Hint: Trigonometric functions are those functions that tell us the relation between the three sides of a right-angled triangle. Sine, cosine, tangent, cosecant, secant and cotangent are the six types of trigonometric functions; sine, cosine and tangent are the main functions while cosecant, secant and cotangent are the reciprocal of sine, cosine and tangent respectively. After using the reciprocal relation and taking the LCM we can solve this.

Complete step-by-step answer:
Given, \[\dfrac{{1 + \cos y}}{{1 + \sec y}}\]

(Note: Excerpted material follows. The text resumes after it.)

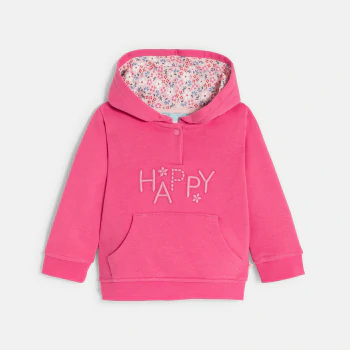 Baby girl's pink embroidered fleece hoodie
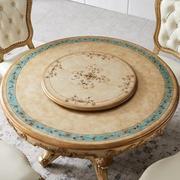 香槟色实木欧式旋转餐桌椅组合餐桌圆形饭桌餐厅带转盘法式彩绘桌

We know that reciprocal of cosine is secant. That is,
 \[\sec y = \dfrac{1}{{\cos y}}\] .
Substituting this in the given problem we have,
 \[ \Rightarrow \dfrac{{1 + \cos y}}{{1 + \sec y}} = \dfrac{{\left( {1 + \cos y} \right)}}{{\left( {1 + \dfrac{1}{{\cos y}}} \right)}}\]
In the denominator of the right hand side of the equation we take LCM and simplifying we have,
 \[ = \dfrac{{\left( {1 + \cos y} \right)}}{{\left( {\dfrac{{\cos y + 1}}{{\cos y}}} \right)}}\] .
Further simplification we have,
 \[ = \dfrac{{\left( {1 + \cos y} \right)}}{{\left( {\cos y + 1} \right)}} \times \cos y\]
 \[ = \dfrac{{\left( {1 + \cos y} \right)}}{{\left( {1 + \cos y} \right)}} \times \cos y\]
Cancelling the terms we have,
 \[ = \cos y\]
That is we have \[ \Rightarrow \dfrac{{1 + \cos y}}{{1 + \sec y}} = \cos y\] .
So, the correct answer is “\[ \dfrac{{1 + \cos y}}{{1 + \sec y}} = \cos y\]”.

Note: In the above problem we can also apply the reciprocal of cosine and after simplification we get the same answer. That is
 \[\cos y = \dfrac{1}{{\sec y}}\]
Substituting this in \[\dfrac{{1 + \cos y}}{{1 + \sec y}}\] we have,
 \[ = \dfrac{{\left( {1 + \dfrac{1}{{\sec y}}} \right)}}{{\left( {1 + \sec y} \right)}}\]
Taking LCM in the numerator and simplifying we have,
 \[ = \dfrac{{\left( {\dfrac{{\sec y + 1}}{{\sec y}}} \right)}}{{\left( {1 + \sec y} \right)}}\]
Rearranging we have
 \[ = \dfrac{{\left( {1 + \sec y} \right)}}{{\sec y\left( {1 + \sec y} \right)}}\]
Cancelling the terms we have,
 \[ = \dfrac{1}{{\sec y}}\]
We know the reciprocal of secant is cosine then we have
 \[ = \cos y\] .
That is we have \[\dfrac{{1 + \cos y}}{{1 + \sec y}} = \cos y\] . In both the cases we have the same answer. We can do anyone one of the methods. Also remember A graph is divided into four quadrants, all the trigonometric functions are positive in the first quadrant, all the trigonometric functions are negative in the second quadrant except sine and cosine functions, tangent and cotangent are positive in the third quadrant while all others are negative and similarly all the trigonometric functions are negative in the fourth quadrant except cosine and secant.